The effects of urbanization on annual maximum peak discharges in northeastern Illinois and nearby areas from 1945 to 2009 were analyzed with a two-step longitudinal-quantile linear regression approach. The peak discharges were then adjusted to 2010 land-use conditions. The explanatory variables used were daily precipitation at the time of the peak discharge event and a housing density-based measure of developed land use. The effect of the implementation of stormwater detention was assessed indirectly. Peak discharge records affected by the construction of large reservoirs that affect channel routing were identified and were split into segments at the time of completion of the reservoir. Longitudinal regressions of the peak discharge records on linear and logarithmic transformations of the selected measures of urbanization and precipitation were tested, and the best fitting model was selected for quantile regression and adjustment of the peak discharges.

Because the uncertainties of streamgage-by-streamgage regressions of peak discharges as a function of urbanization are so large, a regional urbanization response was computed. Streamgages used in this study fit the following two criteria: (1) drainage area is at most 200 square miles and, (2) at least 10 consecutive years of peak discharge record are available. In the first step of the regression analysis, linear longitudinal regression models with fixed intercepts estimated for each segment of the peak discharge records were computed.

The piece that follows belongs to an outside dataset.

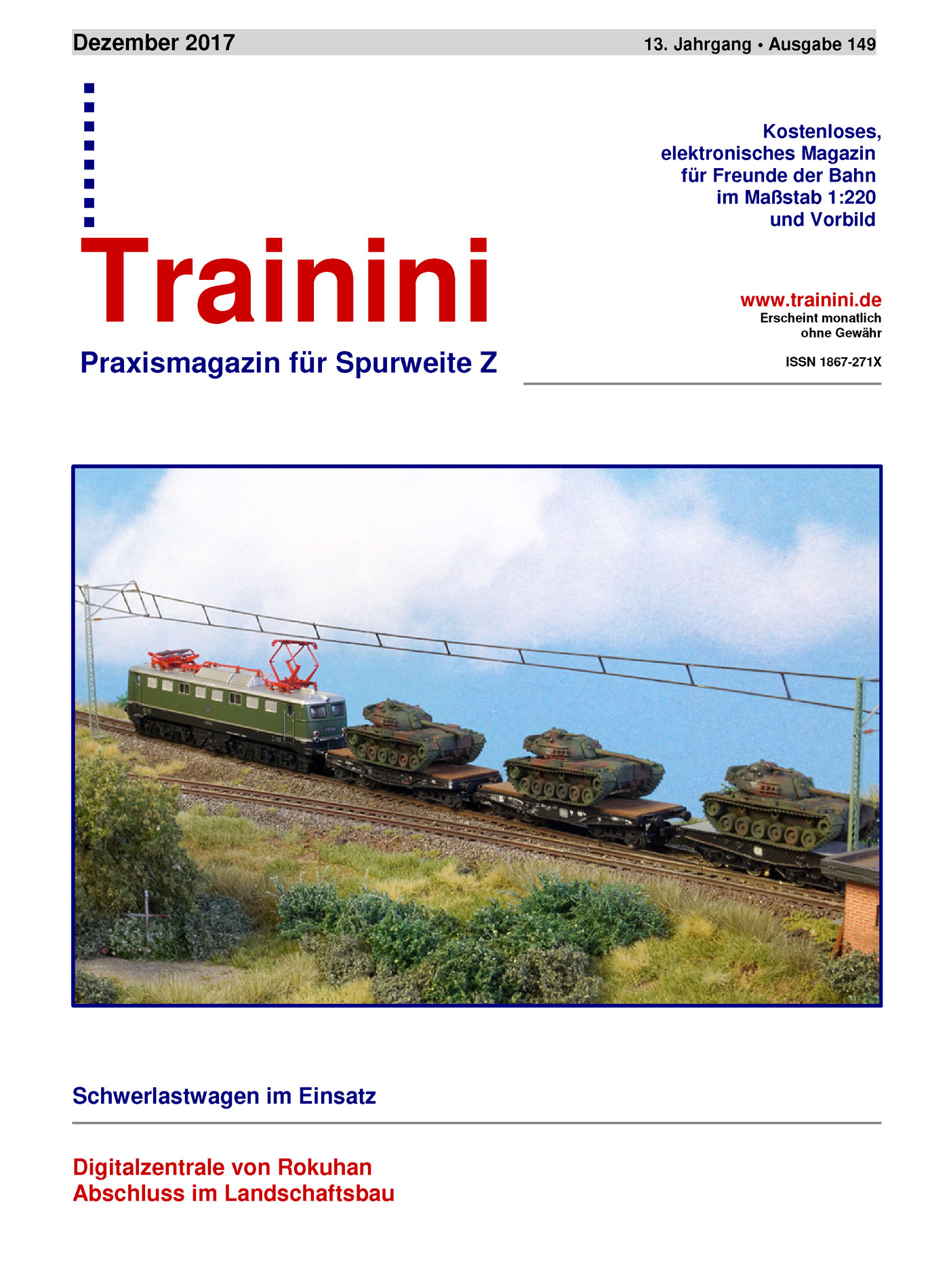 Trainini Ausgabe Dezember 2017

The segment intercepts were then subtracted from the discharge records to homogenize the discharge dataset across the segments in preparation for the quantile regression analysis. From the quantile regression analysis, the effect of urbanization on peak discharge varies strongly with the exceedance probability of the peak discharge event; coefficients monotonically increase from 0.340 to 0.969 over exceedance probabilities from 0.002 to 0.99. The regression analyses yield estimates of the population-wide effect of the explanatory variables on the dependent variables as a function of exceedance probability. These estimates are similar to the coefficients of the regional regression relations in USGS regional flood-frequency studies such as those implemented in the Web application StreamStats; although in the longitudinal analysis used in this study, it is the temporal not the spatial (between-streamgage) variations that are taken into account.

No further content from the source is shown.